• [Work order]
In the entries, find all lines that hold the word "Room" and copy them.

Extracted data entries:
==================================================
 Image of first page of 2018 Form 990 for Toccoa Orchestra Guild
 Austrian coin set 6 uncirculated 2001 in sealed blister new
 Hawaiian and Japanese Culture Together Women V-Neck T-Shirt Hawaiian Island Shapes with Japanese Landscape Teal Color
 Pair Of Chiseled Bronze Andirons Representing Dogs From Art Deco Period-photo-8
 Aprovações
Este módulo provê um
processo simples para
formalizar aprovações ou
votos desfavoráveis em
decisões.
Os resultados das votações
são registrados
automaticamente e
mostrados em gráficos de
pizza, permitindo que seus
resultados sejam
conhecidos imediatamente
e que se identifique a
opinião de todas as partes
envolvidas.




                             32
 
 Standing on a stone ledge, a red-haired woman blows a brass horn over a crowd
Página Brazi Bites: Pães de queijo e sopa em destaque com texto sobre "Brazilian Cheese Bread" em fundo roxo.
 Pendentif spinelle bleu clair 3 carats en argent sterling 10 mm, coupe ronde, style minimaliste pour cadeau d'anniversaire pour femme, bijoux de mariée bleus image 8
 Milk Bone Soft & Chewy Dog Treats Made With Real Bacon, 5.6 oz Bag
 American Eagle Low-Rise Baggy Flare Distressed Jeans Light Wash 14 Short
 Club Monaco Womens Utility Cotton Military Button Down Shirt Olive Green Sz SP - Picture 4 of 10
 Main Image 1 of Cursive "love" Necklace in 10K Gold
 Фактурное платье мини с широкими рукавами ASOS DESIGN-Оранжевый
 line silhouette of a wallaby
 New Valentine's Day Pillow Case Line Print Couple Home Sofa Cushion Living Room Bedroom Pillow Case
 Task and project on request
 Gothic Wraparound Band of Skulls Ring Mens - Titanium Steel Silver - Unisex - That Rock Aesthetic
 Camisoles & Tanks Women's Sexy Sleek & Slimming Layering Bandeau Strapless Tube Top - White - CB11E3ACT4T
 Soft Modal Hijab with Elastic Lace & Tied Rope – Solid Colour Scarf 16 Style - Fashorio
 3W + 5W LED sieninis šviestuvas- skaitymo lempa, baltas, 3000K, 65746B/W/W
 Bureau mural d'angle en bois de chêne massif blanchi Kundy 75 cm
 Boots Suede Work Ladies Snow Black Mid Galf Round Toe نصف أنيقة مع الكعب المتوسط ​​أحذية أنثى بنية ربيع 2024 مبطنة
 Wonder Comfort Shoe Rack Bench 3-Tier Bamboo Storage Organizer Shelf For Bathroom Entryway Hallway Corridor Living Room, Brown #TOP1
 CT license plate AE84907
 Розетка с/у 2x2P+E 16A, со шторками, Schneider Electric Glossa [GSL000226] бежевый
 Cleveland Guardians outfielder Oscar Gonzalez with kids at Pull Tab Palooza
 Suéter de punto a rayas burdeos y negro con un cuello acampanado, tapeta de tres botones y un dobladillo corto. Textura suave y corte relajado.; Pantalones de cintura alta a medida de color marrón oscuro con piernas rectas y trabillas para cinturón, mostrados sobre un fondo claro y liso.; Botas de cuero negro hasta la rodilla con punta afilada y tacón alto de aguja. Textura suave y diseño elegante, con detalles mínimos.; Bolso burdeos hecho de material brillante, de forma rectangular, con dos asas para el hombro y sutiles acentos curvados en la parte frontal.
==================================================
• [Answer for this exercise]
 New Valentine's Day Pillow Case Line Print Couple Home Sofa Cushion Living Room Bedroom Pillow Case
 Wonder Comfort Shoe Rack Bench 3-Tier Bamboo Storage Organizer Shelf For Bathroom Entryway Hallway Corridor Living Room, Brown #TOP1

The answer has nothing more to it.